We went to The Spencer's Arms in Putney after the boat race and met not one, but two Jandaz Cockapoos! One was a five year old Toy/Show cross called Molly. Unfortunately I didn't get a picture of Molly. 

The second was Bertie, a 15 week old F2 Cockapoo pup... (on the right below) 

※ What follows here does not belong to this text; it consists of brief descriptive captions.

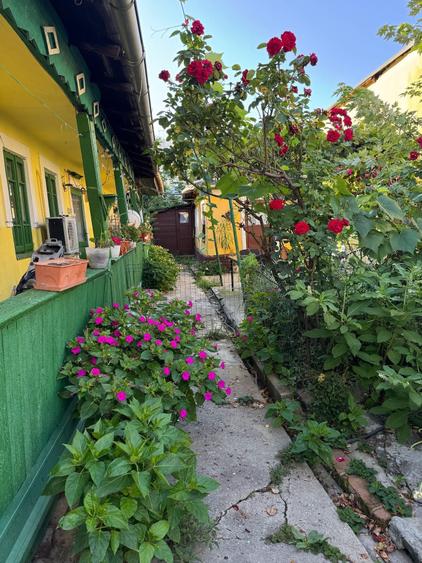 Casă cu 4 camere în Brâncoveanu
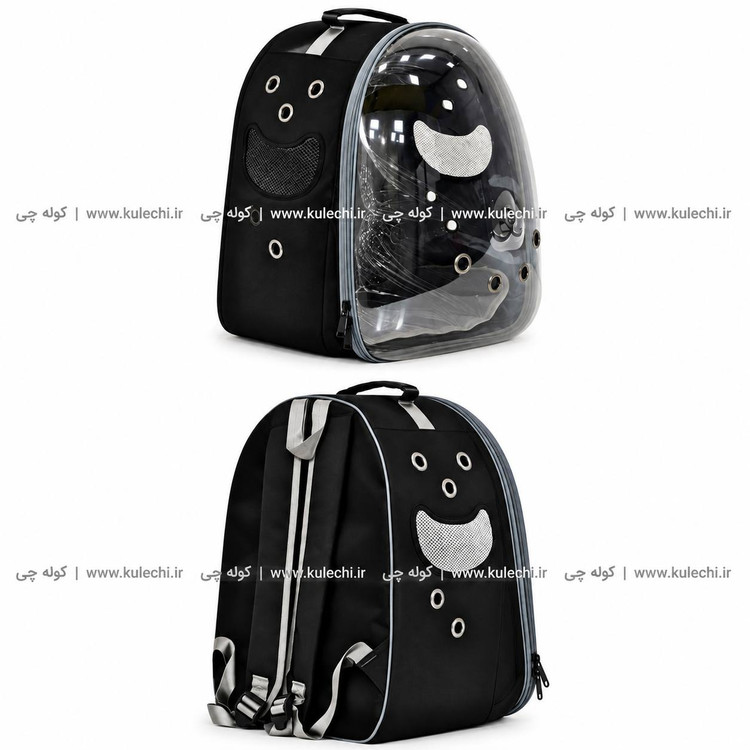 کوله پشتی حمل حیوانات اقتصادی بزرگ (BT pet) مدل B30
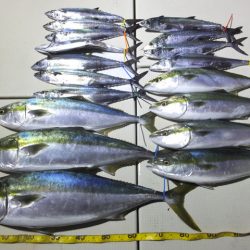 Hit Rush(ヒット ラッシュ) 釣果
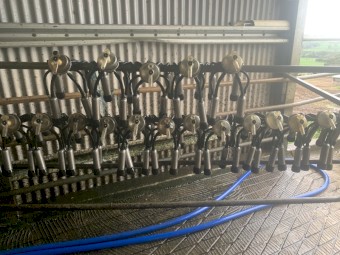 De-Leval milk clusters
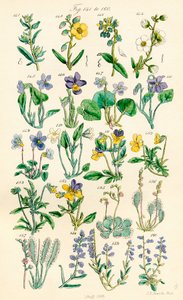 Seite mit Farbabbildungen aus British Wild Flowers nach einem Werk von J. E. Sowerby und C. P. Johnson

The WEIRDEST thing was that my sister came over and asked why I was talking to her colleague... Bertie's owner. Too many coincidences in one day lol!


----------



## JoJo (Mar 2, 2011)

ahh nothing better than a cockapoo chat ... and we all know the jandaz gang like the pub ... Romeo is always in the pub  

Pleased you had a lovely day x


----------



## DONNA (Jan 7, 2011)

They look like twins!!! so cute


----------



## Turi (Jun 28, 2011)

They were incredibly similar! Bertie's coat was much curlier though and he was a lovely chunky boy compared to our lyth Saffi!


----------



## wilfiboy (Sep 18, 2010)

Three cockapoo's in the same pub!!!! where there any other dogs ?? x


----------



## Turi (Jun 28, 2011)

Yes, there was a working Cocker and a terrier too - lots of doggies


----------



## lady amanda (Nov 26, 2010)

I wish we had a doggy friendly pub...it would be so nice to go for dinner and a drink and bring lady along....she would love it!


----------



## Turi (Jun 28, 2011)

Are dogs not allowed in pubs in Canada Amanda?


----------



## lady amanda (Nov 26, 2010)

no, dogs aren't allowed in most places. no eating establishments, and no stores except pet stores.


----------



## Turi (Jun 28, 2011)

Poop - that sucks. Move to England


----------



## lady amanda (Nov 26, 2010)

Done! 
lol....I would love to move to England...I have always dreamed of it as a kid. I have never been...but I want to visit so badly. 
Hoping one day.


----------



## Turi (Jun 28, 2011)

We can all meet with our 'Poos in the pub when you come!


----------



## Rufini (Sep 9, 2011)

lady amanda said:


> Done!
> lol....I would love to move to England...I have always dreamed of it as a kid. I have never been...but I want to visit so badly.
> Hoping one day.


You're practically English being Canadian anyway  You say 'z' correctly!!!


----------



## wilfiboy (Sep 18, 2010)

Come on Mo get a thread going, you could travel over here and stay with us all, get to see ALL the sights of the UK as you move around us .... cheap holiday and get to meet us all xx


----------